EXTRACTED MATERIAL
··········
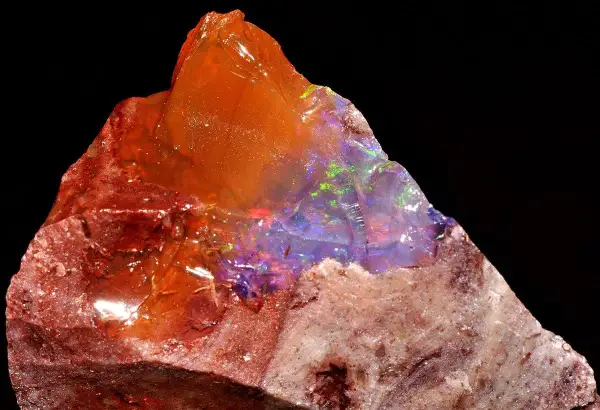 Ein roher Feueropal mit leuchtenden Farben, dessen feurige Wirkung durch das Spiel von Licht und Farbe im Stein fasziniert.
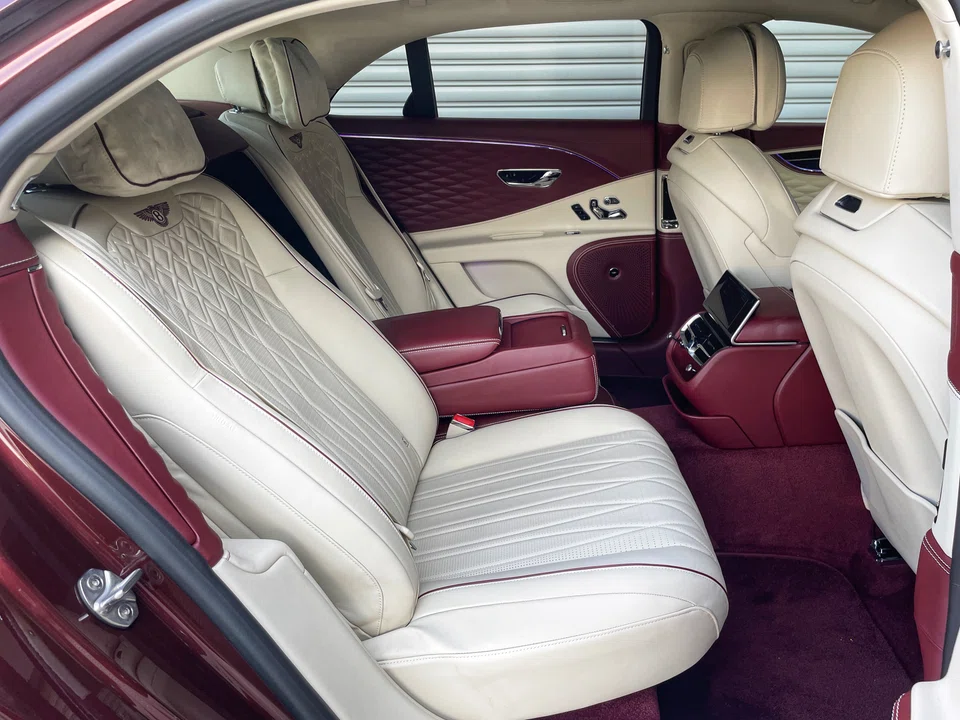 On the inside, reclining massage chairs, pillowy head cushions and a detachable touchscreen controller help to create a motoring experience that few cars offer.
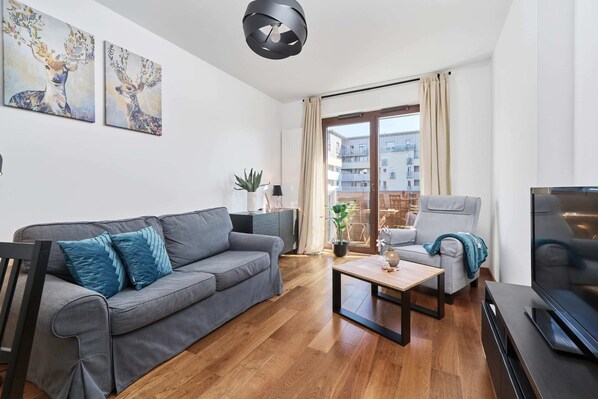 A modern living room with a gray sofa, wooden flooring, a glass coffee table, and a large window letting in natural light.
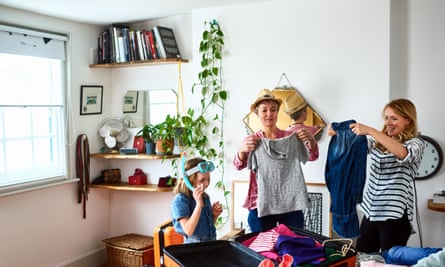 Same-sex couple packing for holiday with son and daughter.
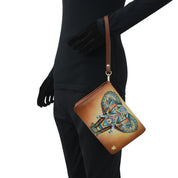 A person in black clothing carries the Anuschka 4 in 1 Organizer Crossbody - 711, a genuine leather brown wristlet adorned with a colorful, detailed elephant design and featuring a removable crossbody strap.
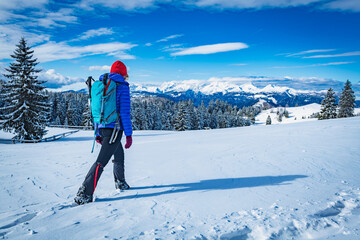 A young woman walking in the snow with a backpack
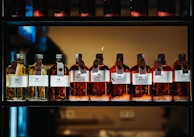 A row of glass bottles containing liquid, each with a label featuring text and icons. The liquids appear in shades of amber and yellow, and each bottle has a metal cap and a hanging tag with additional information. The bottles are aligned neatly on a dark, industrial-style shelf with a warm light in the background.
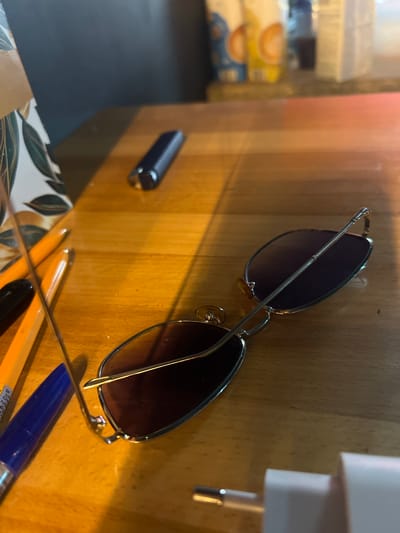 This is a close-up, eye-level shot of a pair of sunglasses with a thin metal frame and dark lenses, resting on a light brown wooden surface. The sunglasses are positioned diagonally, with the right lens lower than the left. To the left of the sunglasses, a black cylindrical object with a metallic end is visible, also resting on the wooden surface. In the foreground, parts of two pens are visible: one orange and one blue. A patterned surface, possibly paper or fabric with a leaf motif, is partially visible at the bottom left. In the background, out of focus, are stacked white items with orange circular designs, resembling packaging for food products. The lighting suggests a room with a warm light source, casting shadows on the wooden surface, indicating it could be daytime or evening. The overall impression is of personal items casually placed on a desk or table. There is no visible text in the image.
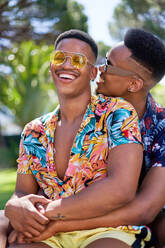 Happy young gay male couple in sunglasses hugging and laughing - CAIF33441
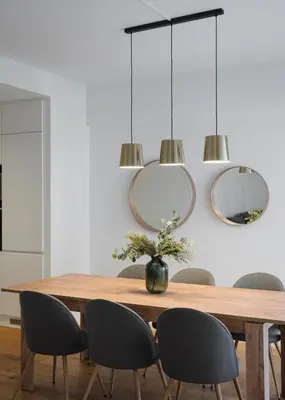 a dining room with a wooden table and chairs at Glyfada Experience Residence in Athens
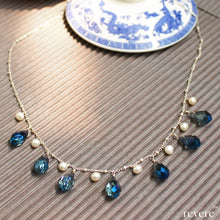 Load image into Gallery viewer, Effervescent blue crystal weaved together with freshwater white pearls as a beautiful statement necklace. "Verve" is sure to be the fun accessory in any gathering!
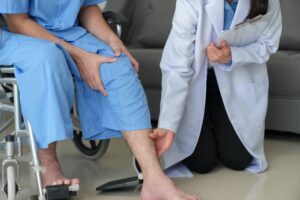 Compassionate female doctor attends to overworked male patient in a wheelchair with knee and ankle pain at the hospital, receiving necessary medical care.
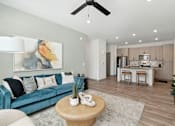 Thumbnail 12 of 108 - a living room with a blue couch and a kitchen in the background at The Maddox Luxury Apartment Homes, Buckeye  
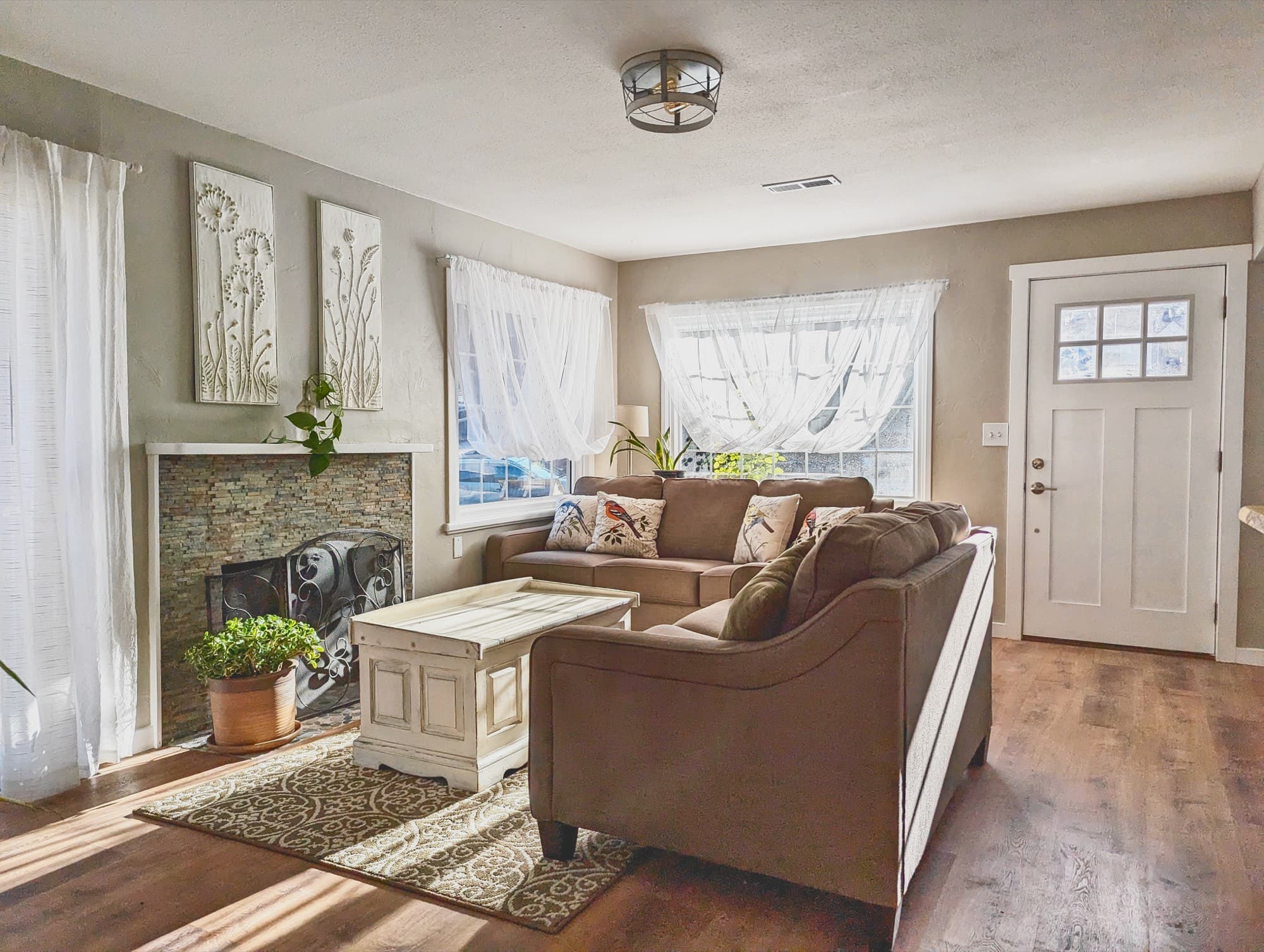 A living room with two sofas, a fireplace, and warm hardwood floors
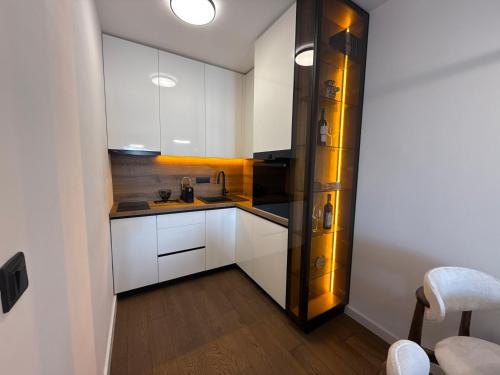 a kitchen with white cabinets and a wooden floor at Seafront apartment Tivat in Donja Lastva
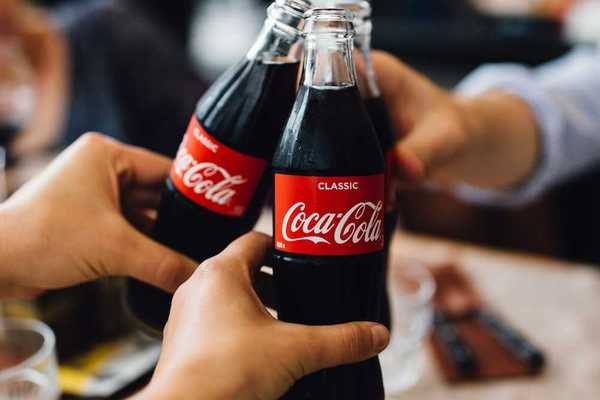 Three people, with only hands visible toasting with bottles of Coca Cola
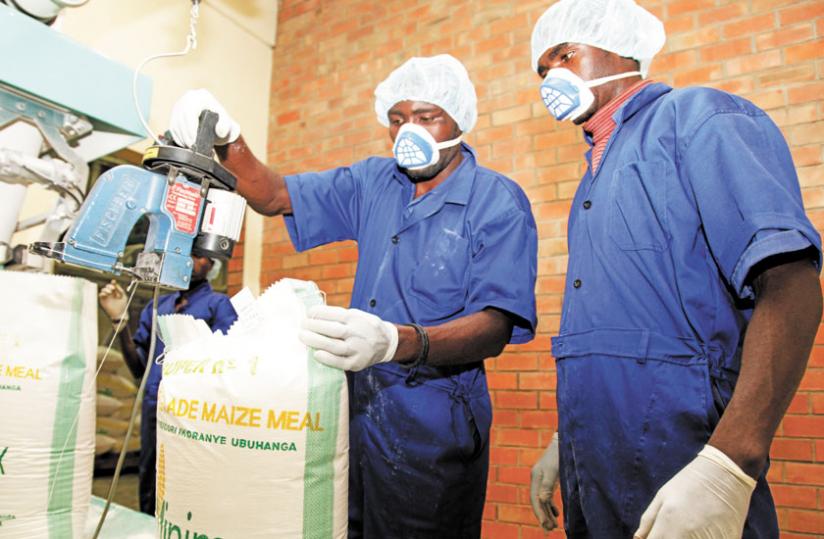 Workers at minimex, a local maize milling factory. (File)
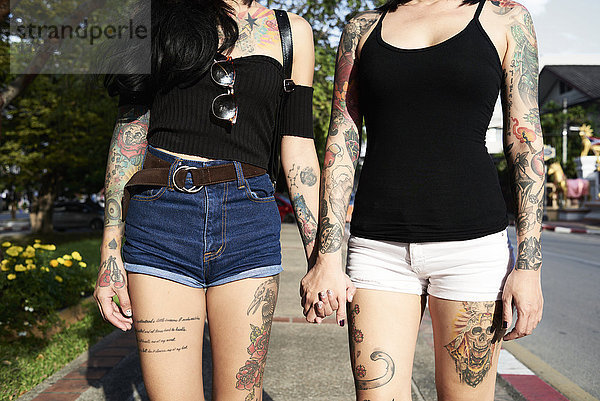 Tätowiertes lesbisches Paar  das im Sommer auf der Straße Händchen hält.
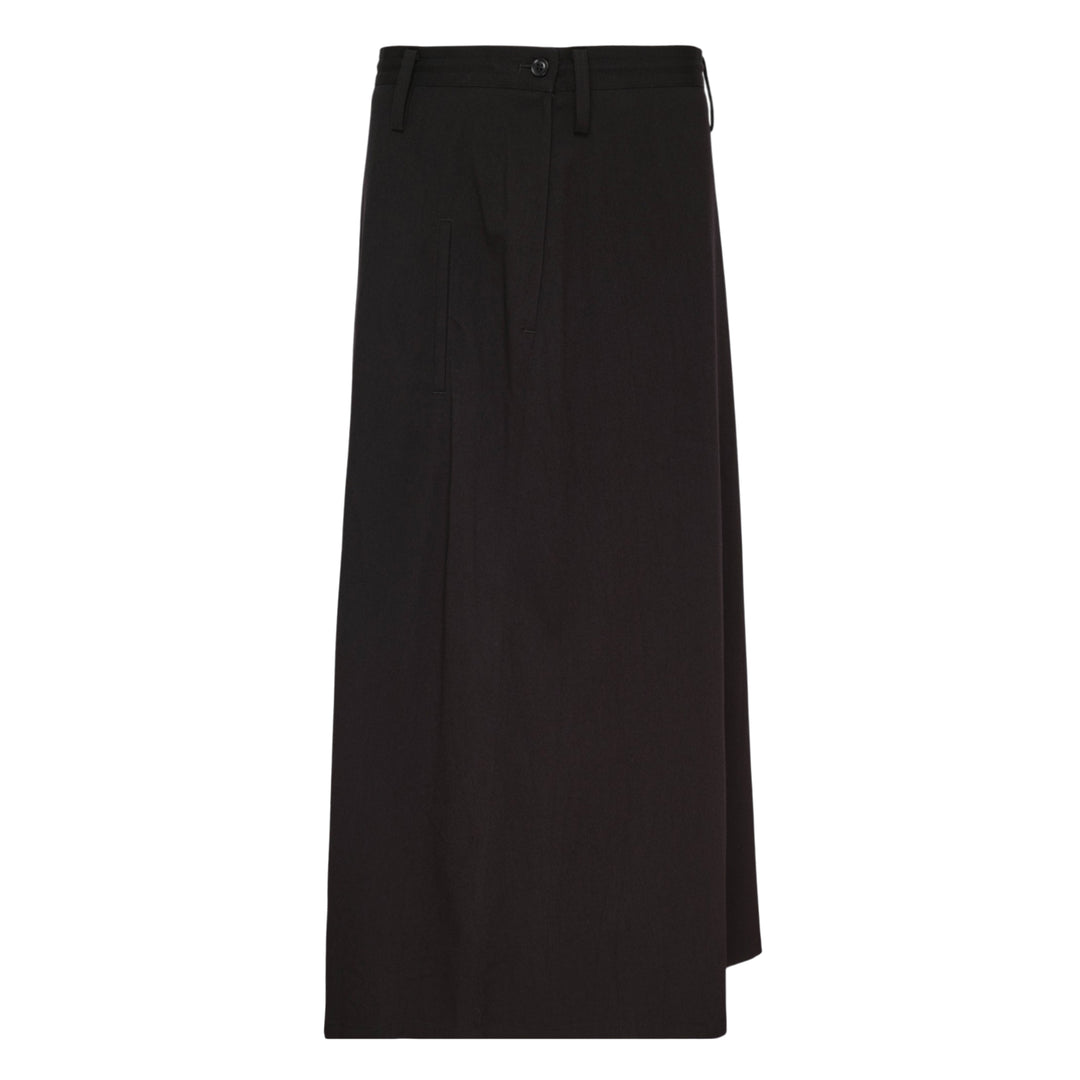 Y's black structured cloth maxi skirt with asymmetric hem, patch pocket, and tailored waistband with button fastening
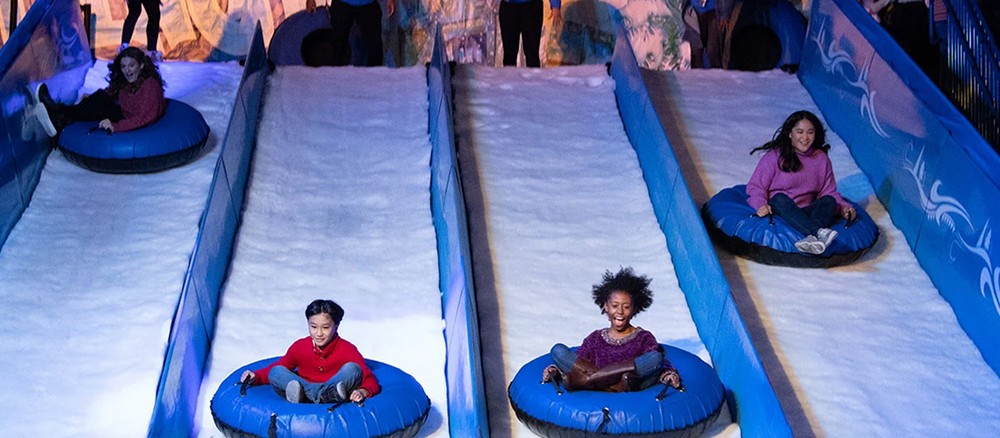 Niños bajando en tubos azules por carriles de hielo paralelos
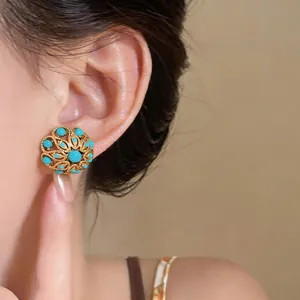 Close-up detail showing the French vintage style gold floral stud earrings on a model's ear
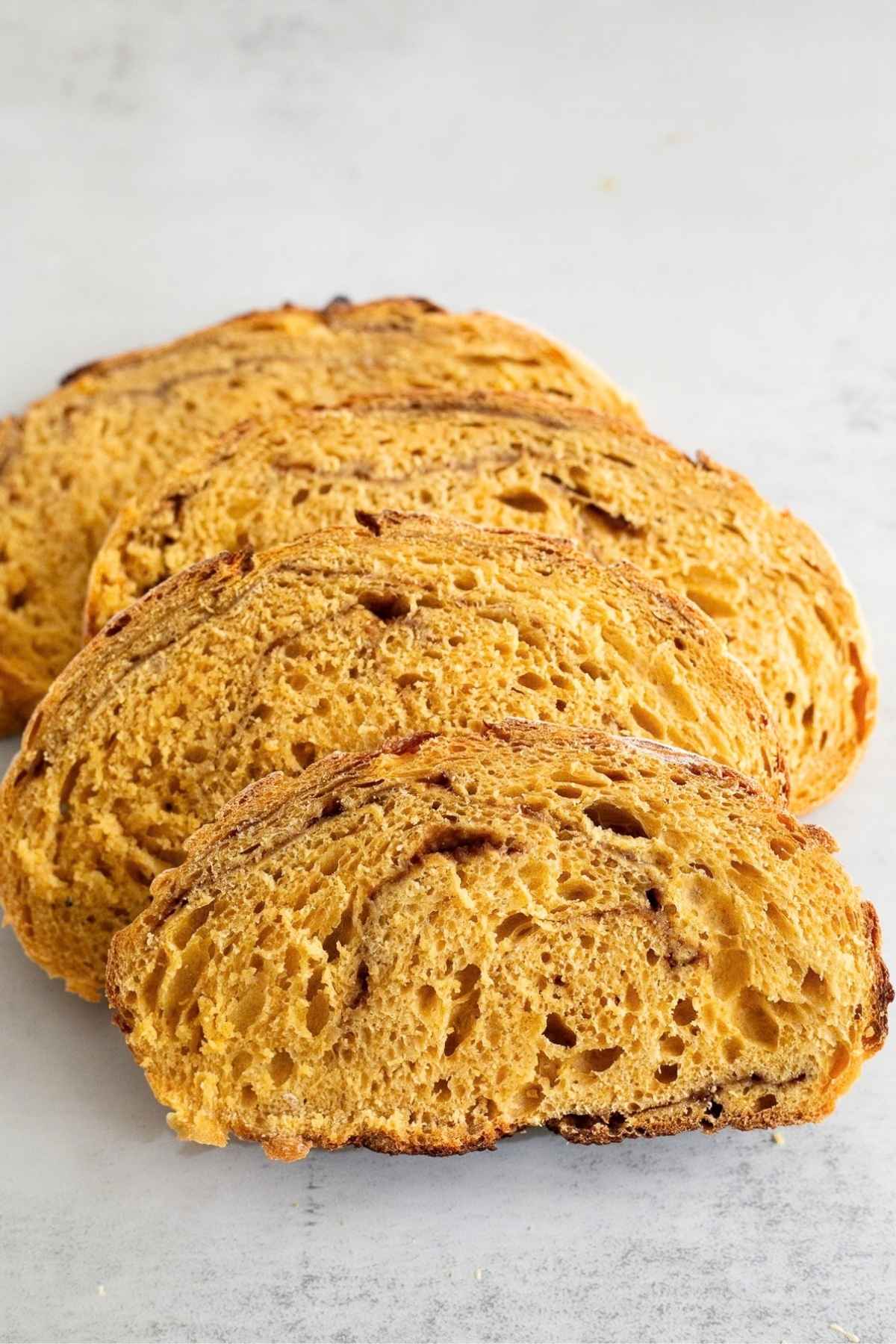 Slices of sourdough pumpkin bread on a table with a cinnamon swirl.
··········
WHAT YOU WILL DO
Give every entry back unchanged, with no pictures.

RESPONSE AREA
 Ein roher Feueropal mit leuchtenden Farben, dessen feurige Wirkung durch das Spiel von Licht und Farbe im Stein fasziniert.
 On the inside, reclining massage chairs, pillowy head cushions and a detachable touchscreen controller help to create a motoring experience that few cars offer.
 A modern living room with a gray sofa, wooden flooring, a glass coffee table, and a large window letting in natural light.
 Same-sex couple packing for holiday with son and daughter.
 A person in black clothing carries the Anuschka 4 in 1 Organizer Crossbody - 711, a genuine leather brown wristlet adorned with a colorful, detailed elephant design and featuring a removable crossbody strap.
 A young woman walking in the snow with a backpack
 A row of glass bottles containing liquid, each with a label featuring text and icons. The liquids appear in shades of amber and yellow, and each bottle has a metal cap and a hanging tag with additional information. The bottles are aligned neatly on a dark, industrial-style shelf with a warm light in the background.
 This is a close-up, eye-level shot of a pair of sunglasses with a thin metal frame and dark lenses, resting on a light brown wooden surface. The sunglasses are positioned diagonally, with the right lens lower than the left. To the left of the sunglasses, a black cylindrical object with a metallic end is visible, also resting on the wooden surface. In the foreground, parts of two pens are visible: one orange and one blue. A patterned surface, possibly paper or fabric with a leaf motif, is partially visible at the bottom left. In the background, out of focus, are stacked white items with orange circular designs, resembling packaging for food products. The lighting suggests a room with a warm light source, casting shadows on the wooden surface, indicating it could be daytime or evening. The overall impression is of personal items casually placed on a desk or table. There is no visible text in the image.
 Happy young gay male couple in sunglasses hugging and laughing - CAIF33441
 a dining room with a wooden table and chairs at Glyfada Experience Residence in Athens
 Load image into Gallery viewer, Effervescent blue crystal weaved together with freshwater white pearls as a beautiful statement necklace. "Verve" is sure to be the fun accessory in any gathering!
 Compassionate female doctor attends to overworked male patient in a wheelchair with knee and ankle pain at the hospital, receiving necessary medical care.
 Thumbnail 12 of 108 - a living room with a blue couch and a kitchen in the background at The Maddox Luxury Apartment Homes, Buckeye  
 A living room with two sofas, a fireplace, and warm hardwood floors
 a kitchen with white cabinets and a wooden floor at Seafront apartment Tivat in Donja Lastva
 Three people, with only hands visible toasting with bottles of Coca Cola
 Workers at minimex, a local maize milling factory. (File)
 Tätowiertes lesbisches Paar  das im Sommer auf der Straße Händchen hält.
 Y's black structured cloth maxi skirt with asymmetric hem, patch pocket, and tailored waistband with button fastening
 Niños bajando en tubos azules por carriles de hielo paralelos
 Close-up detail showing the French vintage style gold floral stud earrings on a model's ear
 Slices of sourdough pumpkin bread on a table with a cinnamon swirl.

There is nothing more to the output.